Britain First video outside Islamic centre in Belfast condemned

Jolene Bunting and Jayda Fransen
Jolene Bunting and Jayda Fransen

A video taken outside Belfast's Islamic Centre featuring independent councillor Jolene Bunting and the deputy leader of far-right group Britain First has been condemned as "grotesque and offensive".

In the video, posted to Britain First's Facebook page, the group's deputy leader Jayda Fransen refers to the "Islamification of the mainland" and says London "looks more like Pakistan than England".

She also refers to the Islamic Centre, located near to the Malone Road, as a "den of iniquity".

Speaking about the video, SDLP Councillor Tim Atwood said: "I condemn the grotesque and offensive comments made by Cllr Jolene Bunting and Jayden Fransen from Britain First outside the Islamic Centre last night.

"There can be no place in Belfast for abusive comments such as ‘Muslims communities are trying to achieve colonisation’ or ‘Campaigning against dens of inequities’.

"Cllr Bunting should disassociate herself from these shameless and reckless comments. Given the increase in racist attacks, we need to need to express solidarity with all communities including our Islamic neighbours."

The video has also been slammed by Green Party councillor Georgina Milne, who has said she will be investigating whether Belfast City Council's Code of Conduct was breached.

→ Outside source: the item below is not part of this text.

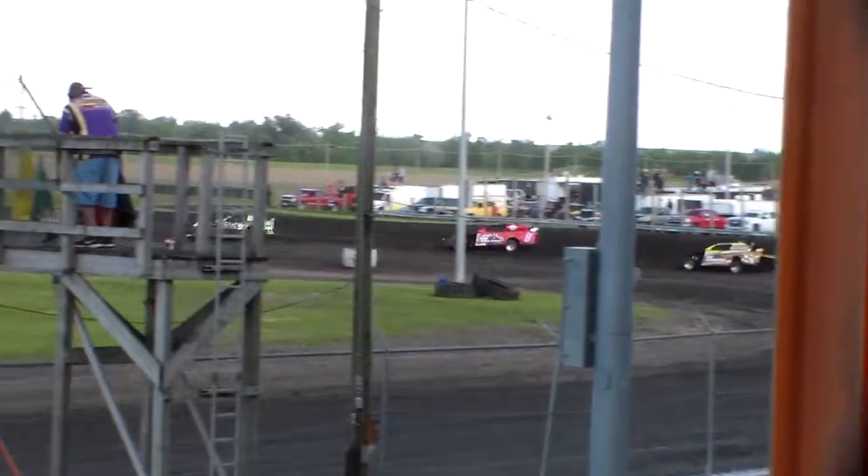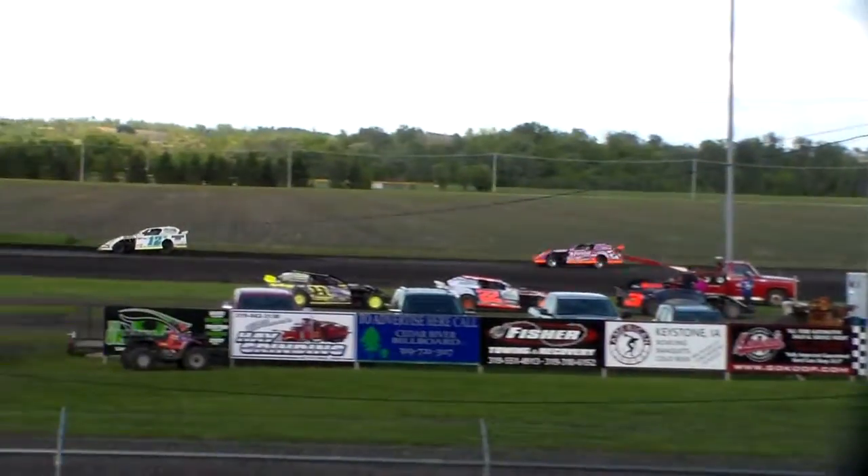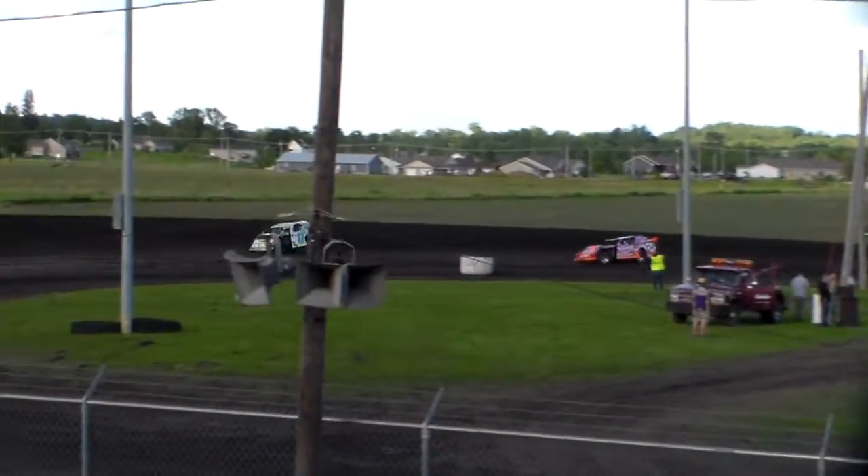Looking for a start to close the gap ever so slightly. Final lap around the circuit.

"Belfast City Council is currently looking at an amendment to Standing Order 30 which would state that members should not impute motives or use offensive expressions in reference to any persons of sections of society that shows contempt on the basis of race, ethnicity, nationality, gender, gender identity, sexual orientation, religious belief, age or disability,” the East Belfast councillor said.

"As it is, councillors are already expected to hold themselves to a higher standard of behaviour than the general public and I intend to look at whether this member has acted against our Code of Conduct with these stomach-churning comments which are tantamount to hate speech.

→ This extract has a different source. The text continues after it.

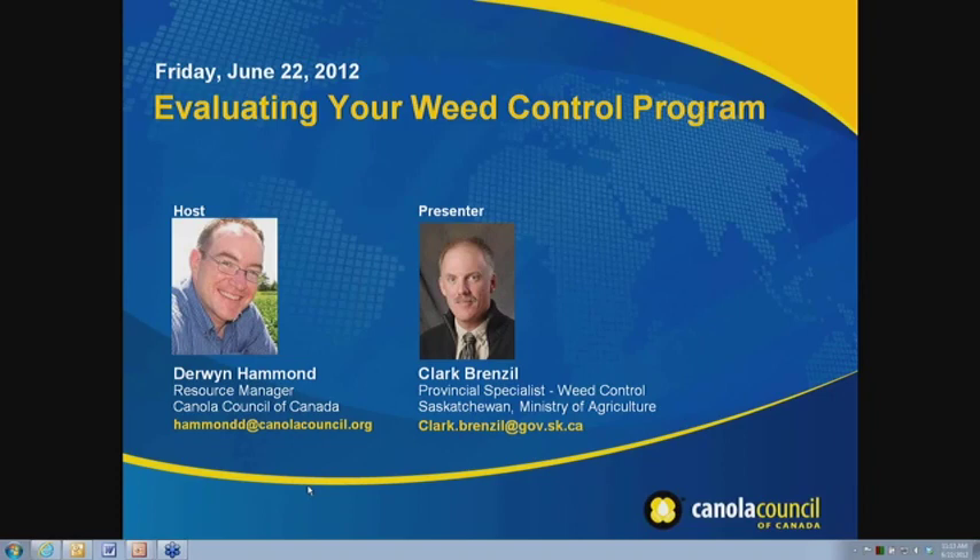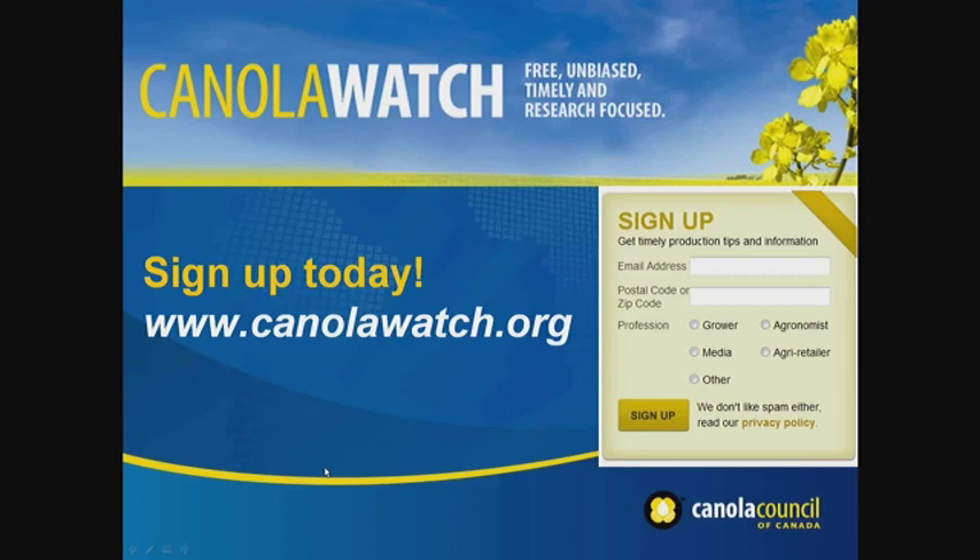That wraps up our questions, Clark. Thanks for helping us out with the webinar today — really appreciate you sharing your expertise. Clark has provided lots of good input for our weekly Canola Watch reports as well. This is a reminder: if you're not signed up to our Canola Watch distribution list, go to canolawatch.org to get signed up. All invitations to our webinar series go out through that distribution network, so if you know others who might be interested, share the canolawatch.org web address with them. With that, we'll wrap things up. Thanks again, Clark.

“I would offer my full support to Belfast Islamic Centre and the Muslim community in Belfast. I would also appeal to anybody in East Belfast who has experienced hate and harassment to reach out to me and I will do anything in my power to help.”

The PSNI records hate crimes under a number of different categories, including racist, homophobic, sectarian (which includes actions between the nationalist and unionist communities), faith/religion, disability, and transphobic.

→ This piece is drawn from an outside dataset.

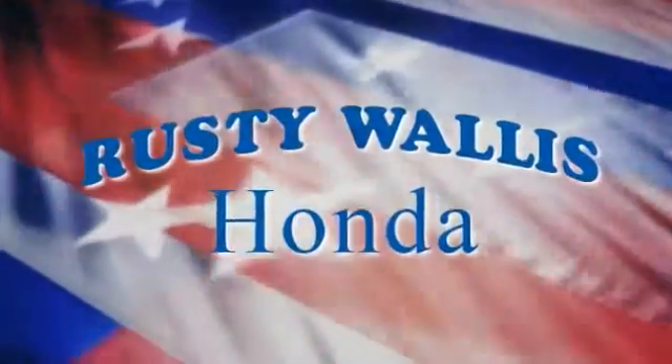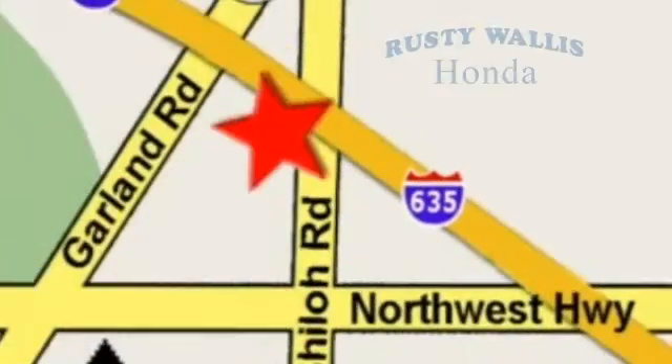At Rusty Wallace Honda, our primary goal is to satisfy our customers. Stop in today. We're easy to find, just off I-635 at Shiloh Road.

Figures released last month found between June 2016 and June 2017 there were 1,062 racist incident reported to the PSNI, outstripping the 938 incidents involving traditional religious sectarianism.

Jayda Fransen is due to appear before Belfast Magistrates' Court on Thursday on charges related to a speech made in Belfast in August in which it is alleged she used threatening and abusive language.

A PSNI spokesman said: "Police have received a report regarding a video posted on social media relating to a speech made in Belfast last night (Tuesday, 12 December).

"Enquiries are ongoing."

The Belfast Islamic Centre could not be reached on Wednesday evening.